Donut County and the Boisterous History of White Guilt

This is an excerpt of a feature from Unwinnable Monthly #113. If you like what you see, grab the magazine for less than ten dollars, or subscribe and get all future magazines for half price.

Plenty has been written on Donut County as an analog for Los Angeles gentrification. Its world is one consumed by a sudden wave of tech fetishism, passive consumerism and corporate profiteering at the hands of an invading raccoon horde.

The plot of Donut County centers BK, a raccoon complicit in physically burying the residents of the Los Angeles region. The residents of the town and their belongings are collateral damage in the raccoons’ species-wide trash-collecting campaign, swallowed by an app-controlled hole in the ground, itself controlled by BK. One by one, the residents watch their homes disappear. One by one, they plead with BK to recognize the consequence of his actions.
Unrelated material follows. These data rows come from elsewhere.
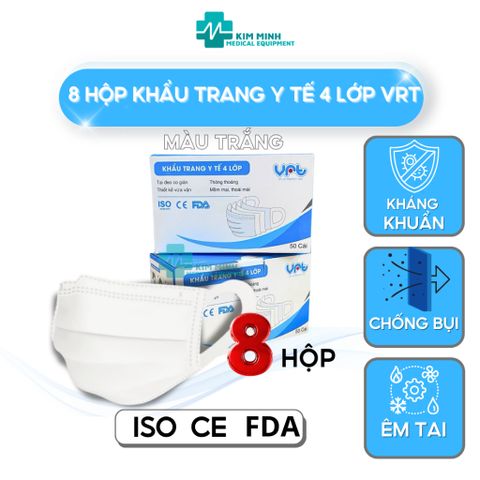 Combo 8 Hộp Khẩu Trang 4 Lớp Quai Mềm VRT - Đeo Thoải Mái, Chống Kích Ứng, Xuất Khẩu Châu Âu, Tiêu Chuẩn Quốc Tế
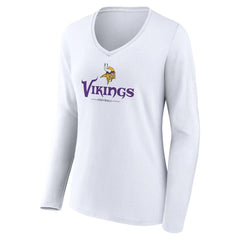 Minnesota Vikings Women's Logo Team Lockup Long Sleeve V-Neck T-Shirt White - NFL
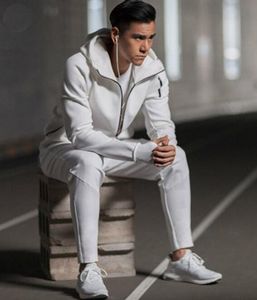 nouveaux costumes de sport pour hommes à capuche noir blanc survêtements veste à capuche hommes / femmes coupe-vent fermeture éclair sportwear mode ZNE veste à capuche + pantalon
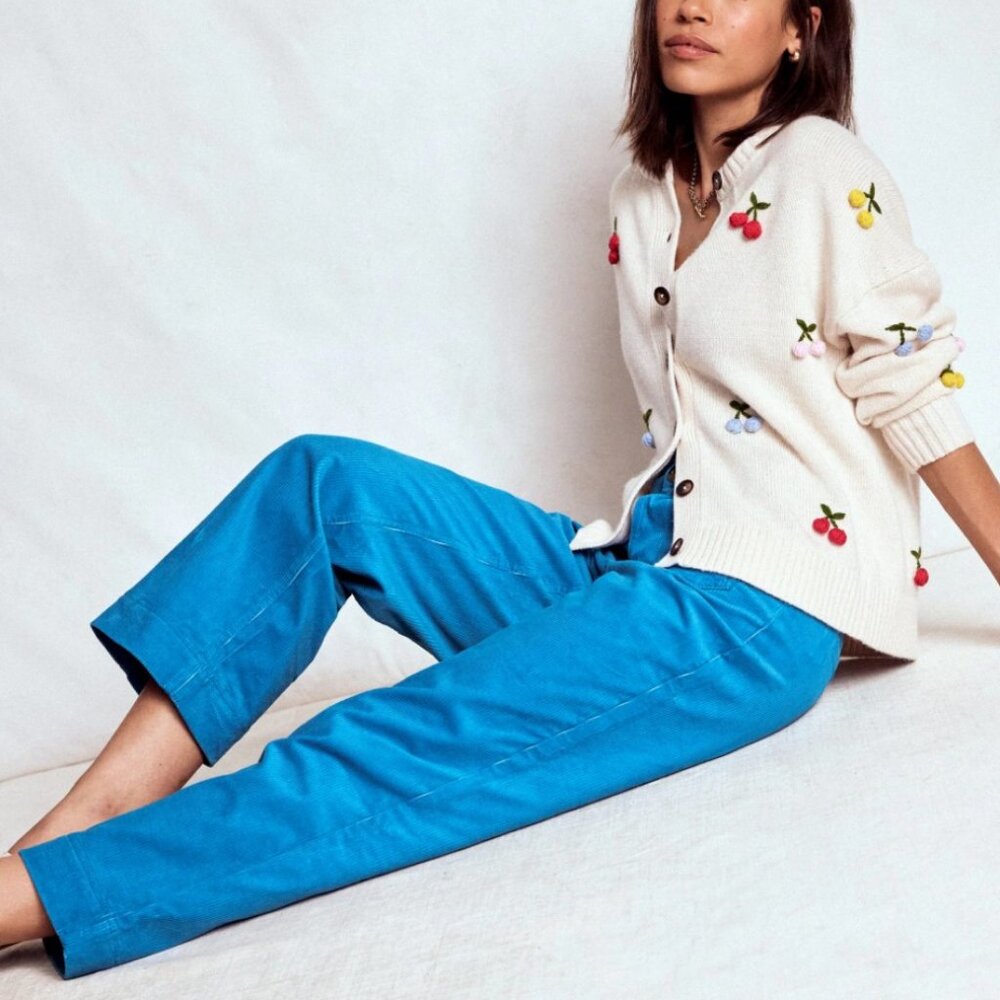 NWT Boden Primrose Cord Pants, Bright Blue, Size 4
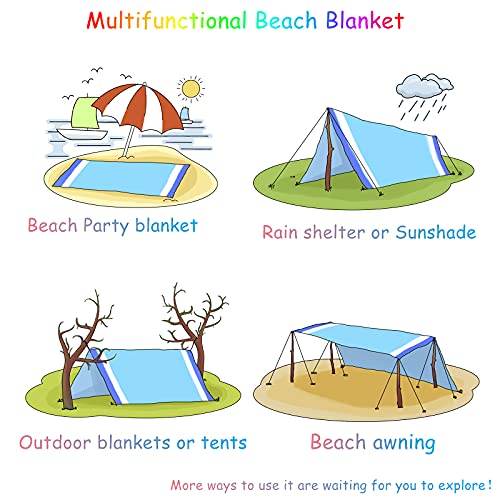 BYDOLL Beach Blanket Waterproof Sandproof 78''×81'' 1-5 Adults Oversized Lightweight Large Picnic Mat Waterproof Sandproof Blanket for Beach Camping Hiking Travel - Image 5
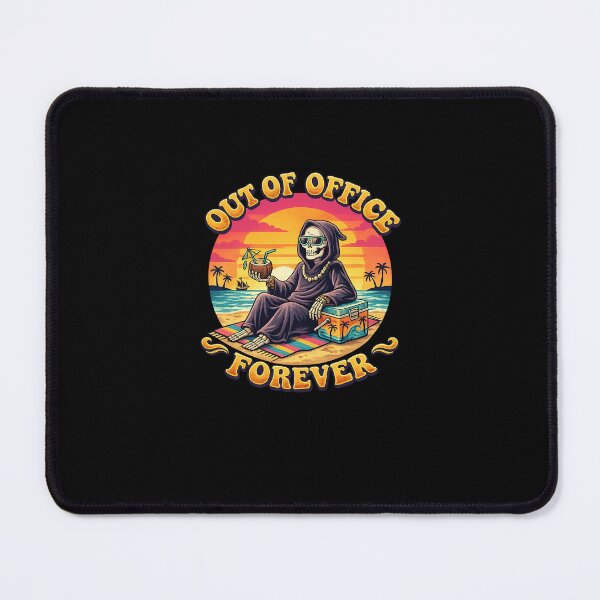 Item preview, Out of Office Forever Funny Grim Reaper Beach Vacation Retro Sunset Skeleton T-Shirt designed and sold by Dzakooob.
It’s not subtle, but the story works as an allegory for capitalism, gentrification, maybe even colonialism (raccoons are later seen analyzing the ways Donut County’s residents lived with and produced the pilfered trash). Those themes also highlight another aspect of BK’s character: the duplicity of his guilt as a corollary for white America’s weaponization of racial guilt.

Near the climax of the game, BK’s human friend, Mira, remarks about the extent of the takeover: “It’s like we got replaced . . . by raccoons.” Apparently nonplussed, BK defends himself against unspoken criticism: “I already said I’m sorry . . . I feel bad but I can’t undo what I did.”

BK reframes the interaction, weaponizing his guilt toward Mira to defend himself against criticism. “You think this is all my fault,” he whines, looking at the groaning vista that used to be Mira’s home. She doesn’t hold him personally responsible for the actions of all raccoons, but she does offer him advice about what to do to make it right: “Don’t make your guilt my problem.” BK’s attempts to deflect personal responsibility mirror white America’s relationship to its own racial guilt.